The Institutional Capacity of Courts
Prescriptive comity abstention also asks courts to do things for which they are not well-equipped. Maggie Gardner has argued persuasively that courts cannot easily handle multi-factor balancing tests for procedural questions in transnational cases and tend to develop simpler heuristics that lead to the same outcomes in all cases.
The Second Circuit’s five factor test (condensed from Mannington Mills’ ten) is already slanted in favor of abstention. The first factor (the nationality of the parties and the site of the anticompetitive conduct) will always favor abstention in cases like this. The second factor (effectiveness of enforcement and alternative remedies) did not tip the Second Circuit panel in either direction, but it is hard to imagine a case where a foreign country directs its companies to coordinate prices in which these considerations would favor retaining the case. The fourth factor (reciprocity), which the Second Circuit weighed “heavily,” will favor abstention any time a foreign country requires its companies to coordinate prices, on the theory that the United States would expect the same deference if it required its companies to do the same (even though it never does). And the fifth factor (possible effect on foreign relations) will also weigh in favor of abstention if the foreign country files an amicus brief in support of its companies or otherwise expresses “umbrage” about the case, as China did here. This combination of factors will always outweigh the third factor (foreseeable harms to American commerce) even when those harms are substantial as they were in this case—$54 million in actual damages before adjustments and trebling.

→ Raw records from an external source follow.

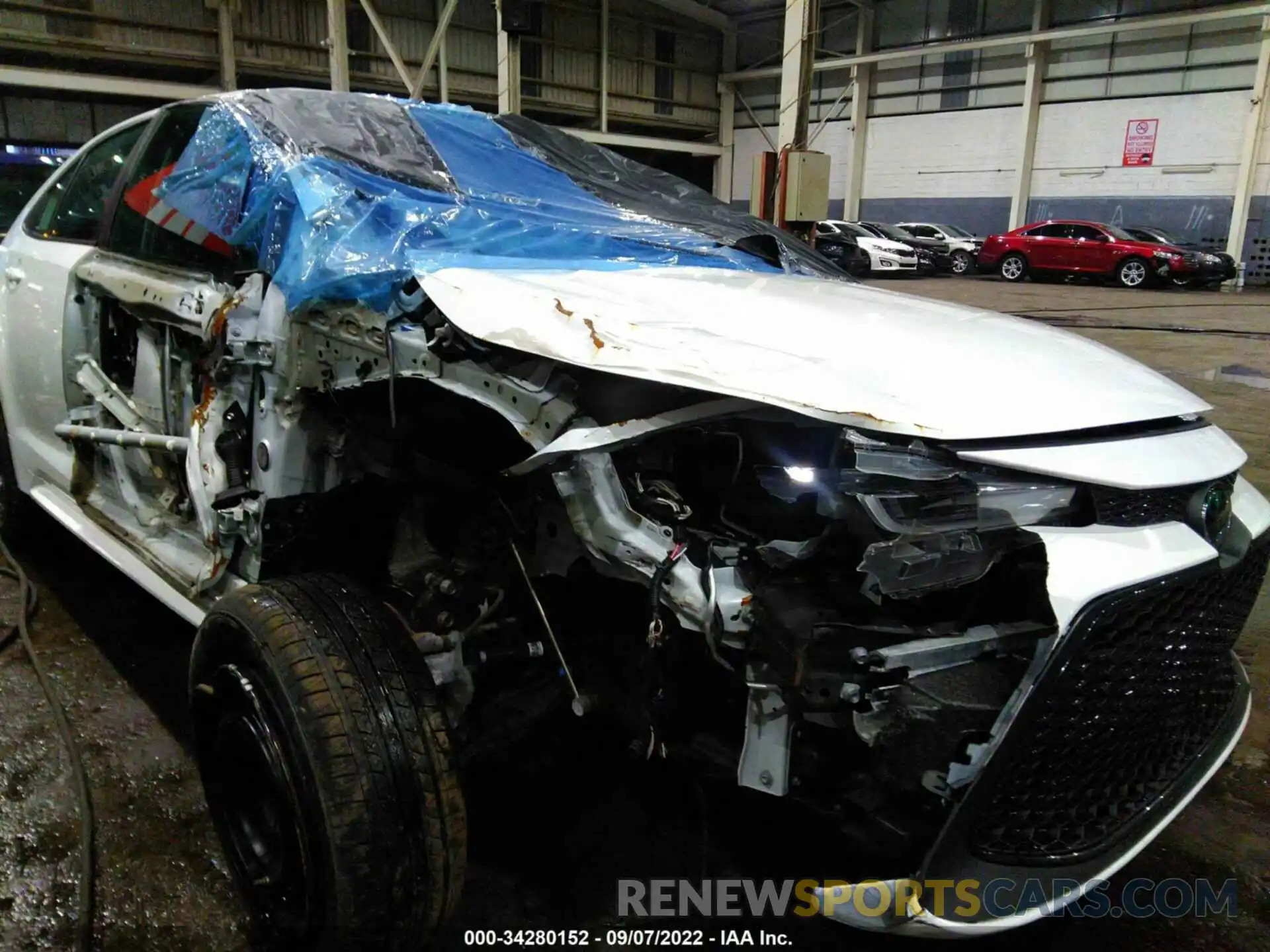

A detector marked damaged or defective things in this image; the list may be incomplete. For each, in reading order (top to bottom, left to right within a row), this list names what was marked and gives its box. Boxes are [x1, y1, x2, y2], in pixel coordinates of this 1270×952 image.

torn sheet metal [416, 266, 1208, 442]
crumpled hood [419, 266, 1208, 442]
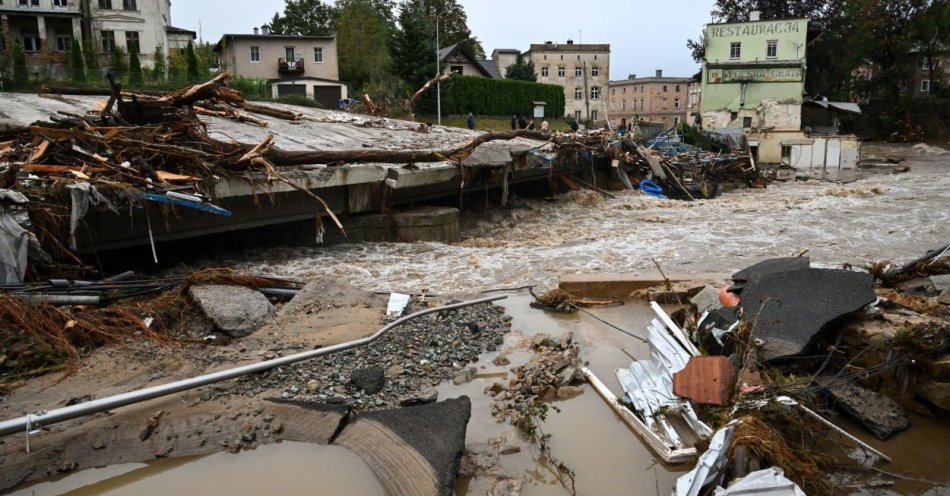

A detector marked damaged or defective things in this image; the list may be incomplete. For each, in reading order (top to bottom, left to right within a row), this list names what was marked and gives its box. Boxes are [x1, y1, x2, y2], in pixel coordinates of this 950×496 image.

damaged building [700, 12, 864, 180]
broken concrete slab [728, 256, 812, 282]
broken concrete slab [187, 282, 274, 338]
broken concrete slab [744, 268, 876, 360]
broken concrete slab [672, 356, 740, 406]
broken concrete slab [820, 378, 912, 440]
broken concrete slab [334, 396, 472, 496]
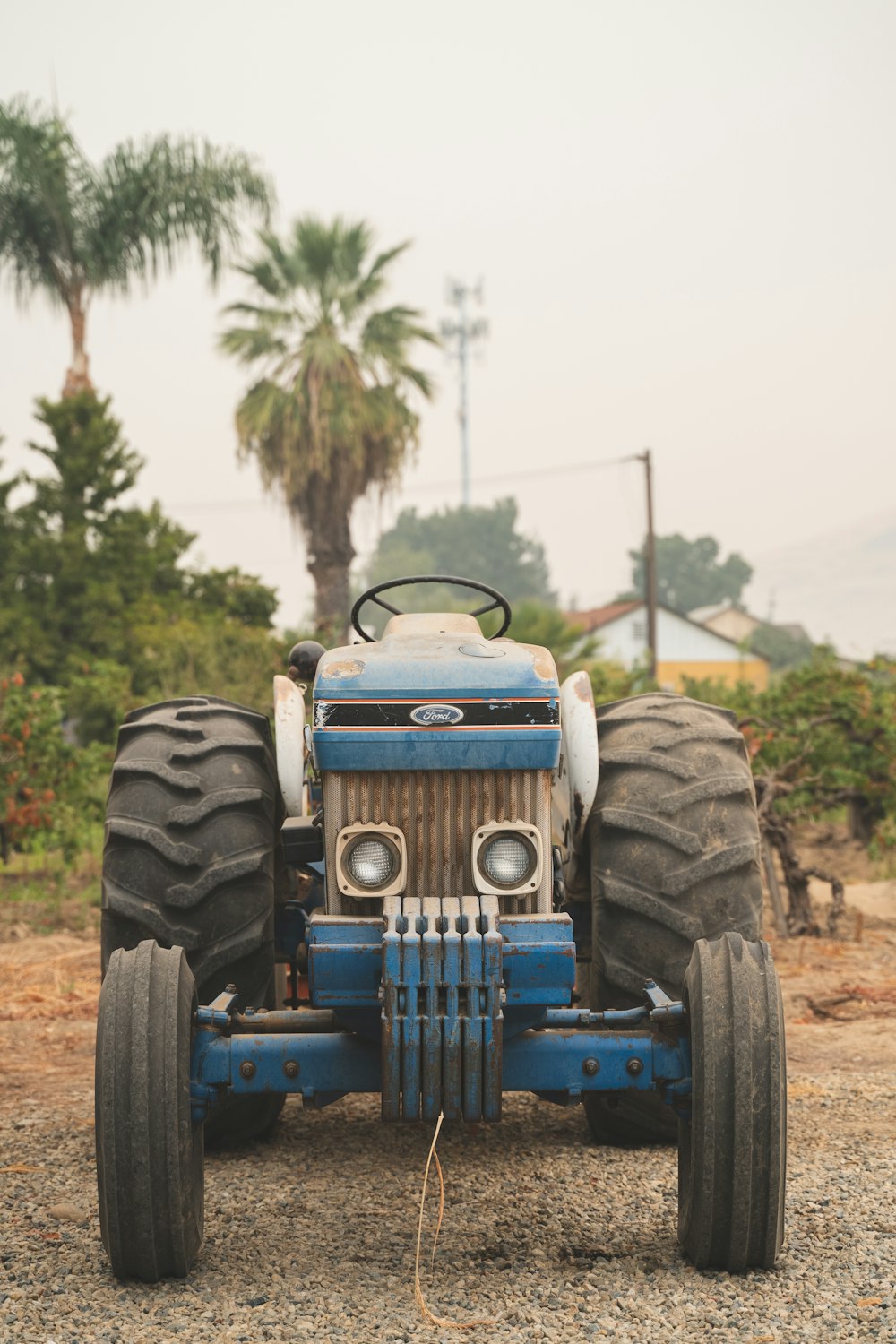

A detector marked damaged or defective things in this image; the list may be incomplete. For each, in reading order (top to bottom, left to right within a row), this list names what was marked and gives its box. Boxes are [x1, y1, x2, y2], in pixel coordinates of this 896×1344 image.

rusty metal surface [322, 769, 553, 914]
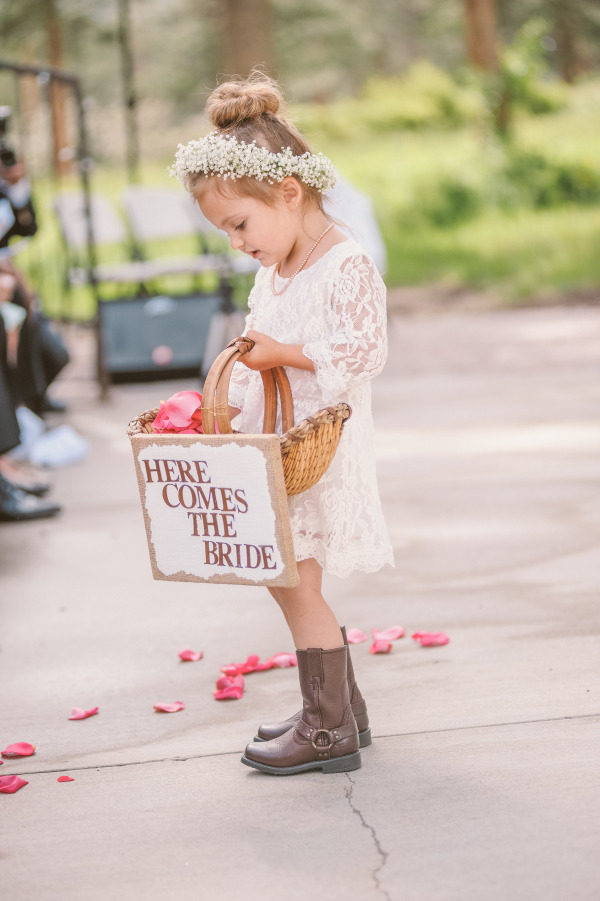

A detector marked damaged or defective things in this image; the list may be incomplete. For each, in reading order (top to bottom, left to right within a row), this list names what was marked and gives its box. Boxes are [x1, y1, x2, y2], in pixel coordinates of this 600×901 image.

crack in concrete [344, 768, 392, 900]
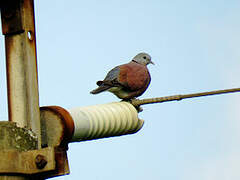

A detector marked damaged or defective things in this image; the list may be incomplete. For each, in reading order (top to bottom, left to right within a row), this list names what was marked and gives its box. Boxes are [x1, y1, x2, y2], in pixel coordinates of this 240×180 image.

rusted metal surface [1, 0, 41, 148]
rusted metal surface [39, 106, 74, 148]
rusted metal surface [0, 148, 55, 174]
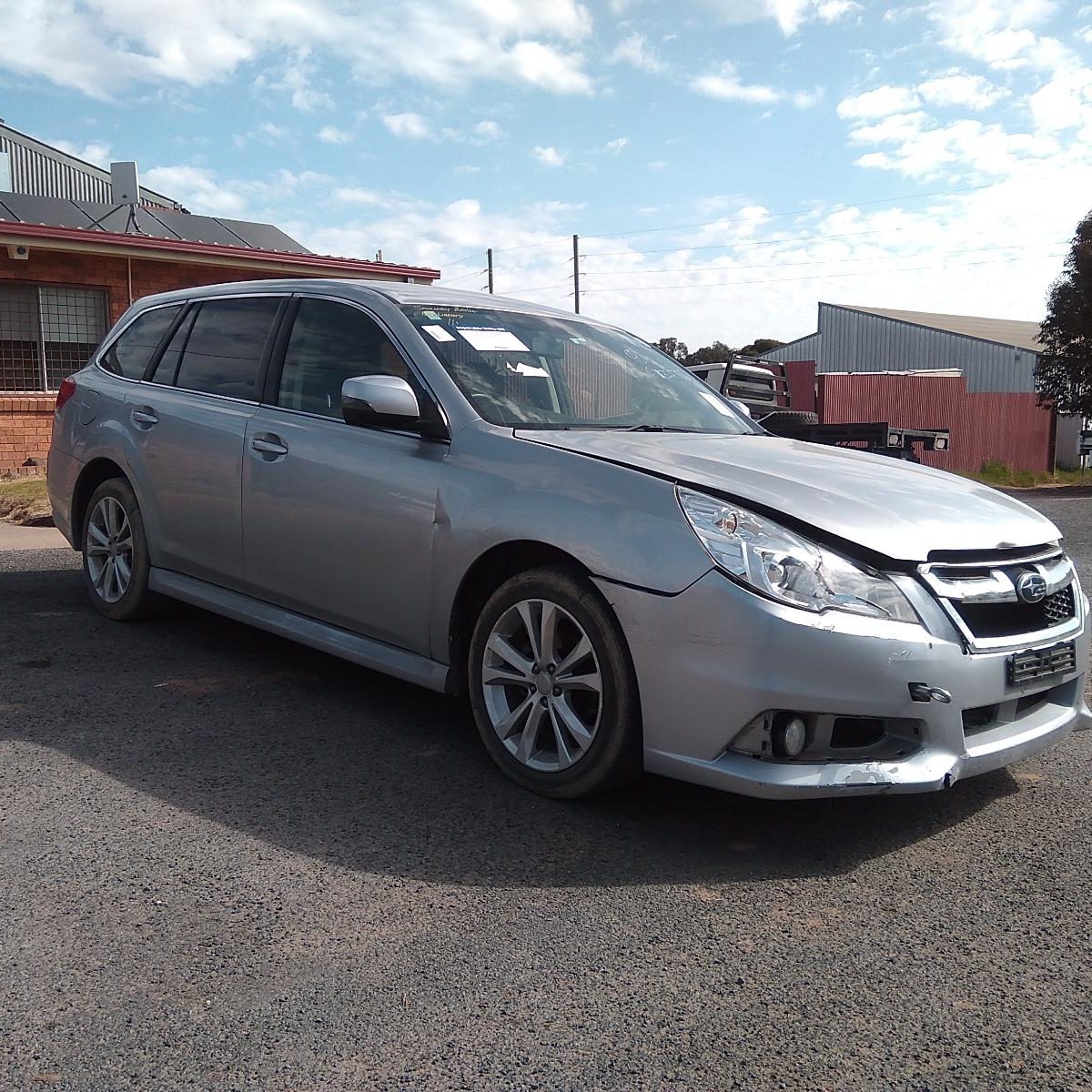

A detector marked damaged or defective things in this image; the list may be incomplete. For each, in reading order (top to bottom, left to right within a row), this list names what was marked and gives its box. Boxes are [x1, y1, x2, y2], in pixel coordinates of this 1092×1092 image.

The result of the Second Circuit’s prescriptive comity abstention doctrine is a “get out of jail free card” for foreign companies to fix prices. If a foreign government passes a law that, “taken at face value,” requires them to coordinate prices, and if that government files an amicus brief expressing umbrage at the U.S. suit, Second Circuit precedent now requires that any U.S. antitrust claims against those companies must be dismissed. This is an astonishing result, and one hopes that the implications will not be lost on the Supreme Court.